Остальгия, как ее называли в Германии, развивалась в том же духе, что и забвение воспоминаний. Учитывая, что ГДР — если воспользоваться описанием Мирабо[535]
Пруссии Гогенцоллернов — была чуть более чем государством при службе безопасности, в свете ретроспективы она продемонстрировала замечательную способность вызывать симпатию и даже тоску.Однако немцы и чехи, как и другие центральные европейцы, имели слишком большой опыт внезапных и травмирующих национальных начинаний с чистого листа. Их избирательная ностальгия по всему, что можно было извлечь из осколков утраченного прошлого, имела большой смысл: неслучайно каждую серию фильма «Родина: немецкая хроника» режиссера Эдгара Райца смотрело в среднем 9 миллионов западногерманских зрителей, когда его показывали по телевидению в 1984 году. Одержимость ностальгией, охватившей другие страны Западной Европы в последние годы предыдущего столетия и, как следствие, появление организаций, которые занимались сохранением наследия, мемориалами, реконструкциями, постановками и обновлениями, объяснить не так легко.

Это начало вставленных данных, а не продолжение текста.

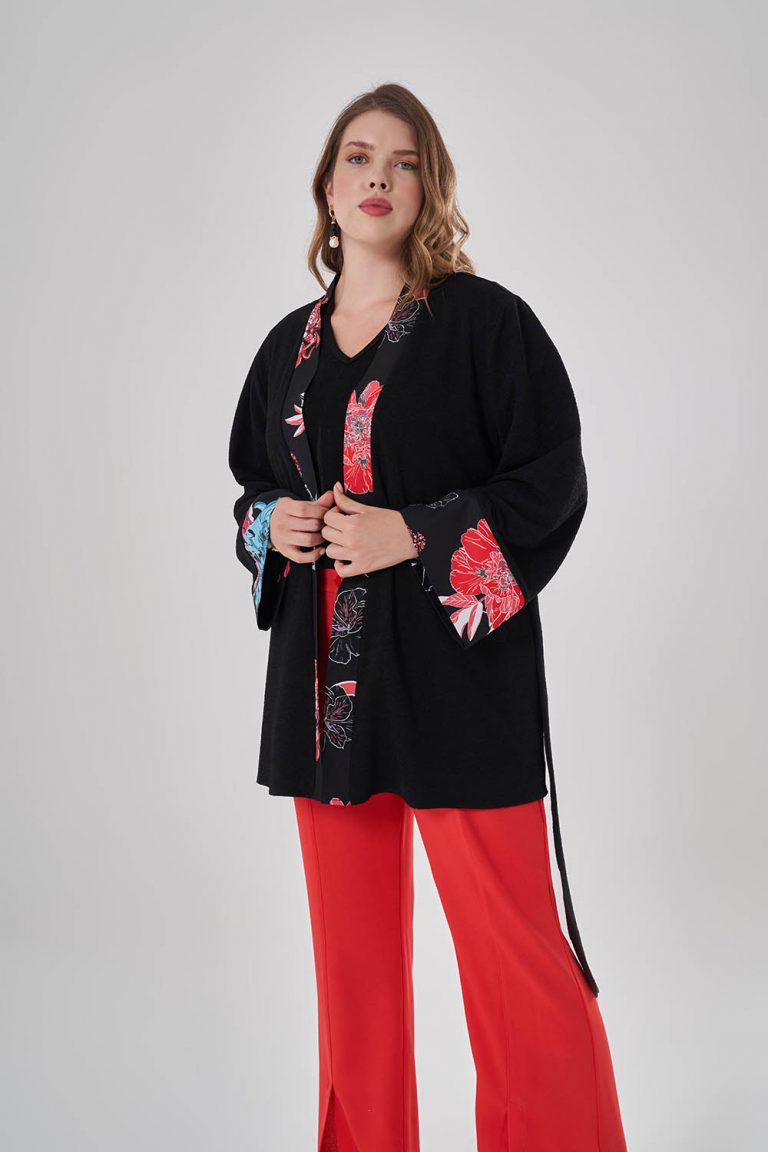 Mizalle Çiçek Deseni Detaylı Siyah Büyük Beden Kimono - Mizalle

То, что историк Эрик Хобсбаум описал в 1995 году как «великую историческую мифологию», конечно, случалось не впервые. Хобсбаум блестяще развенчал «изобретение традиции» в Европе XIX века, на заре эпохи национализма: своего рода эрзац-культуру, отвергнутую также Эдвином Мьюиром[536]
. Здесь можно вспомнить стихотворение последнего «Шотландия 1941», где он высказался о Бернсе и Скотте как о «фальшивых бардах для фальшивой нации». Но творческое переосмысление национального прошлого во Франции и Великобритании в конце двадцатого века носило совершенно иной характер.Не случайно история-как-ностальгия была так сильно выражена, в частности, в этих двух странах. Вступив в двадцатый век в качестве гордых имперских держав, обе страны были лишены территории и ресурсов в результате войн и деколонизации. Уверенность и безопасность глобальной империи сменились тревожными воспоминаниями и неопределенными перспективами на будущее. Раньше было очень четко понятно, что значит быть французом или британцем, но теперь все изменилось. Альтернатива — стать заядлыми «европейцами» — была намного проще в небольших странах, таких как Бельгия или Португалия, или в таких местах, как Италия или Испания, где о недавнем прошлом лучше было не вспоминать.[537]
Но для наций, воспитанных в рамках живой памяти на величии и славе, «Европа» всегда была бы неприятным превращением: компромиссом, а не выбором.